EXERCISE: From the entries below, reproduce exactly the lines from the one with "Miniature Schnauzer puppies in Wexford" through the one with "Tienda de cosméticos", both included, without images.

THE INPUT:

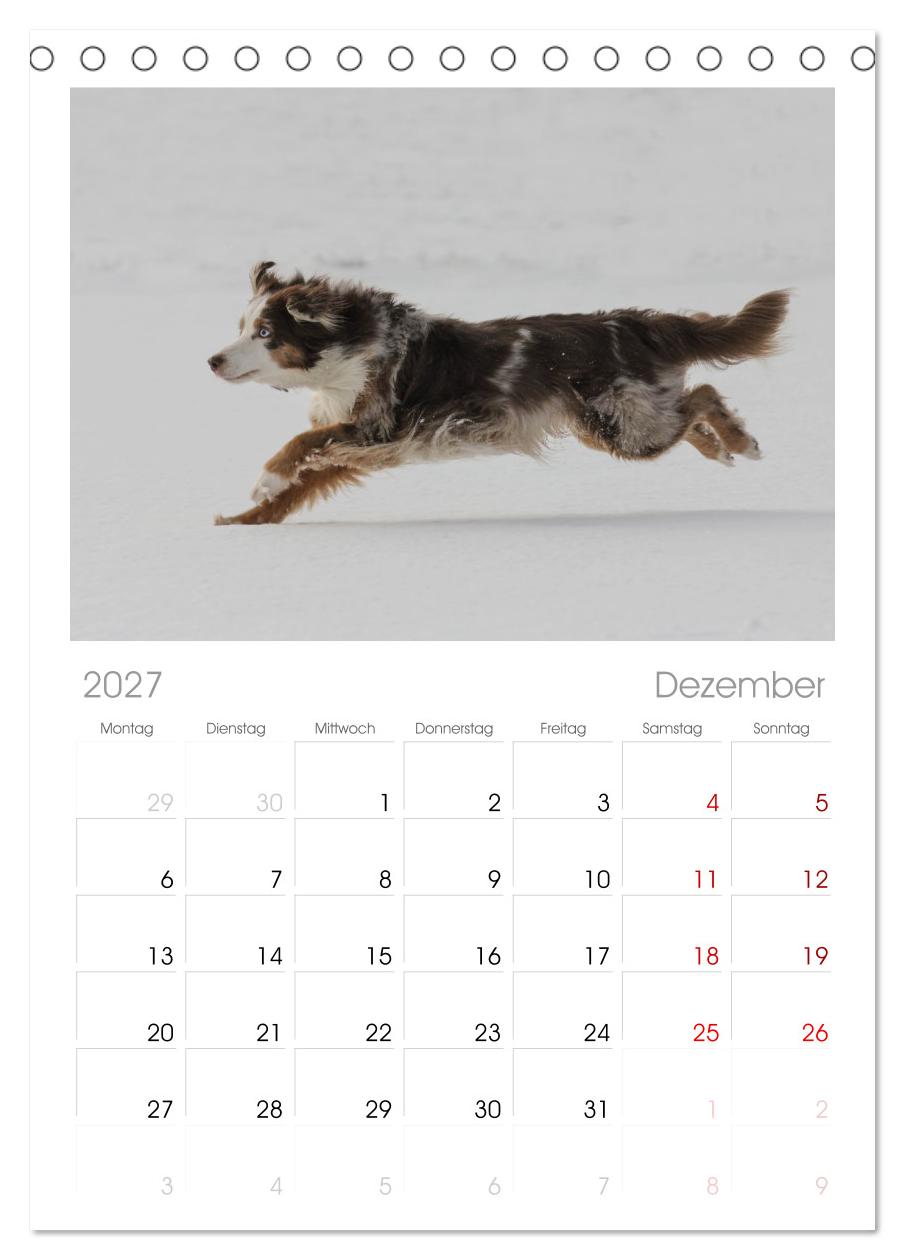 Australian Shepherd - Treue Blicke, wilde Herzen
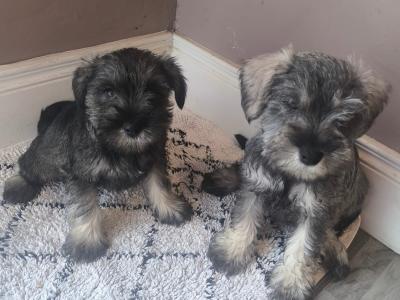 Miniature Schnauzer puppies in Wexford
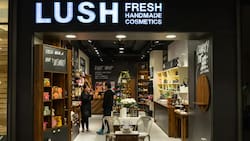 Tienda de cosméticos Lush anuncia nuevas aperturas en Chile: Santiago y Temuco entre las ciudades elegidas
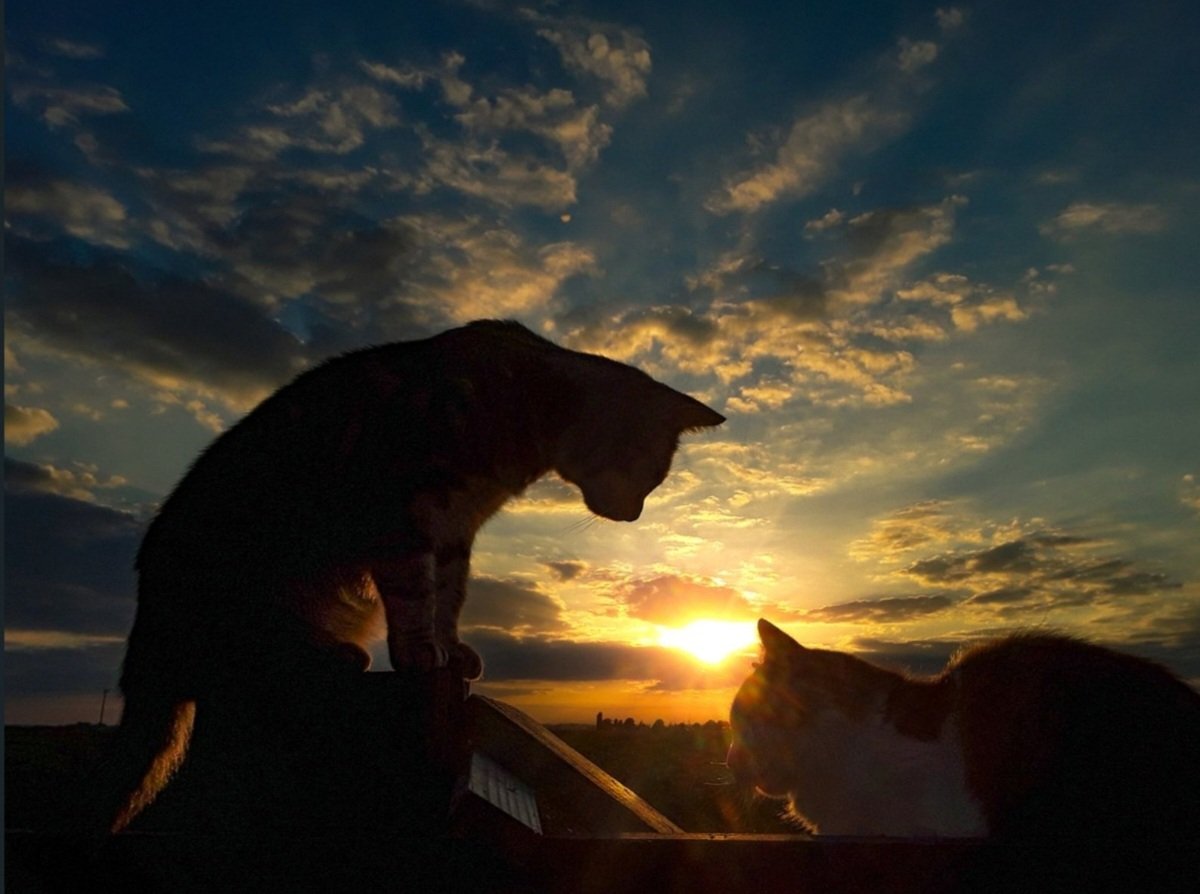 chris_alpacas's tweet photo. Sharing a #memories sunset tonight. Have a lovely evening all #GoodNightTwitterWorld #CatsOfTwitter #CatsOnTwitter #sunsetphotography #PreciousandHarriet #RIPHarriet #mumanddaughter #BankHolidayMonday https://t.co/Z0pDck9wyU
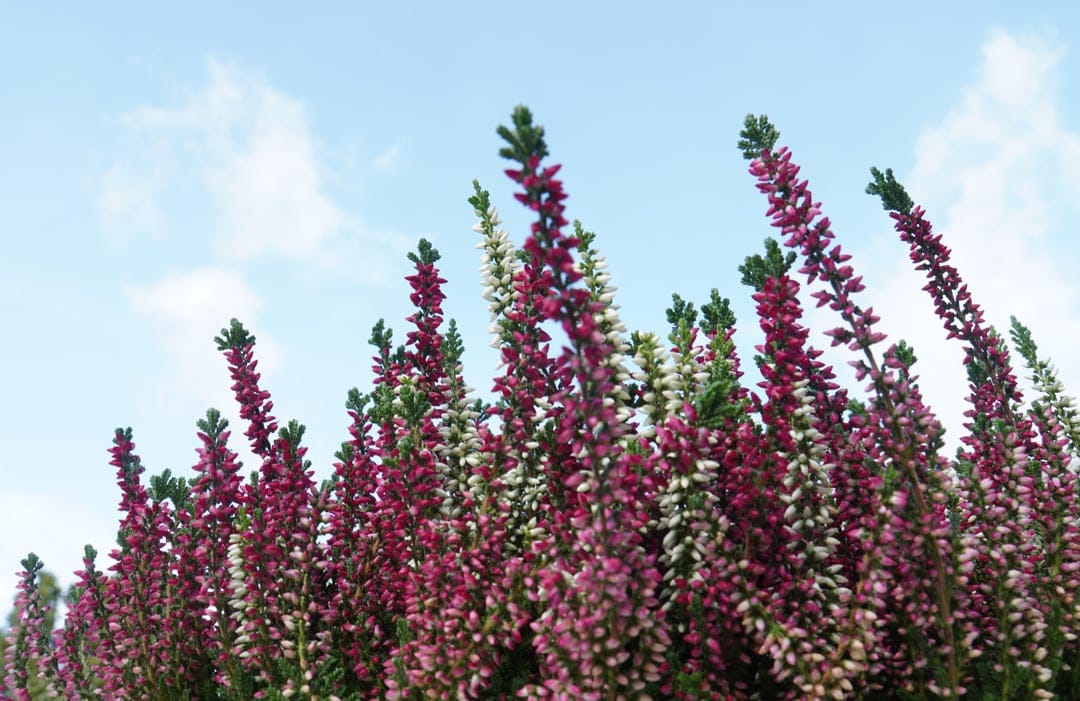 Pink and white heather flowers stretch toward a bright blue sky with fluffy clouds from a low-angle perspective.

TASK OUTPUT:
 Miniature Schnauzer puppies in Wexford
 Tienda de cosméticos Lush anuncia nuevas aperturas en Chile: Santiago y Temuco entre las ciudades elegidas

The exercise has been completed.